I know you mean older men who are virgins, not high school boys...but we aren't disgusted by adult virgins either, silly. I just wish you didn't bash them and then project it onto women. Do you actually hear women say things like that? Or are you repeating things the manny-sphere says?


----------



## ntamph (Apr 23, 2013)

Faithful Wife said:


> Do you actually hear women say things like that?


Yes.


----------



## WyshIknew (Aug 18, 2012)

ntamph said:


> I lied to my first and told her that I had had previous experience.
> 
> I was actually going crazy because I was finally losing my virginity. I don't think she figured it out.
> 
> I can't imagine women competing to get a virgin guy. They are usually disgusted by them.


Sorry ntamph, I think that's nonsense. Why would a woman be disgusted with a virgin guy? Everyone is a virgin at some point in their life.

So far with the replies I've seen most womens reaction is similar to mens. Either "meh so what he's a virgin."

Or "damn he's hot, and he's a virgin, he's mine!"
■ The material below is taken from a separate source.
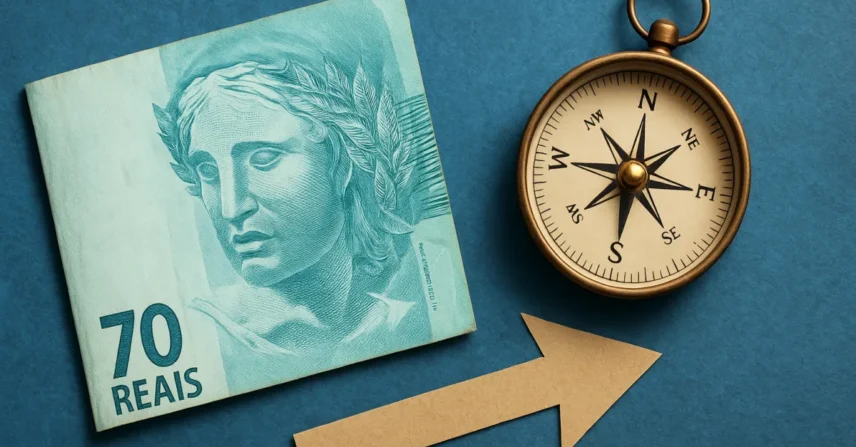 Sonhar com 70 reais: interpretação do sonho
Perhaps if the guy was in his 50's or 40's and a virgin there might be some concerns about why he was still a virgin but that's all.


----------



## ntamph (Apr 23, 2013)

WyshIknew said:


> Sorry ntamph, I think that's nonsense. Why would a woman be disgusted with a virgin guy? Everyone is a virgin at some point in their life.
> 
> So far with the replies I've seen most womens reaction is similar to mens. Either "meh so what he's a virgin."
> 
> ...


"I personally did not want to lose it to a virgin."

"But, I would say that I definitely have more pleasure from men that are more experienced. I like being taught, as one of the other ladies pointed out."


----------



## AnnieAsh (Aug 22, 2012)

ntamph said:


> I lied to my first and told her that I had had previous experience.
> 
> I was actually going crazy because I was finally losing my virginity. I don't think she figured it out.
> 
> I can't imagine women competing to get a virgin guy. They are usually disgusted by them.


I find that so hard to comprehend. I have been with 2 virgins in my distant past. I never had an ounce of disgust for either one. One was my very first love and the other was a dear good friend. 

I actually found more men were put off by virgin females. One guy told me virgins get too attached. I said "oooook, buddy. See ya!"


----------



## WyshIknew (Aug 18, 2012)

ntamph said:


> "I personally did not want to lose it to a virgin."
> 
> "But, I would say that I definitely have more pleasure from men that are more experienced. I like being taught, as one of the other ladies pointed out."


But that's just stating a preference, I don't see that as disgust.

I did ask the poster of your original sentence in your quote if she had returned the 'favour' later on and broke a man in but she never replied.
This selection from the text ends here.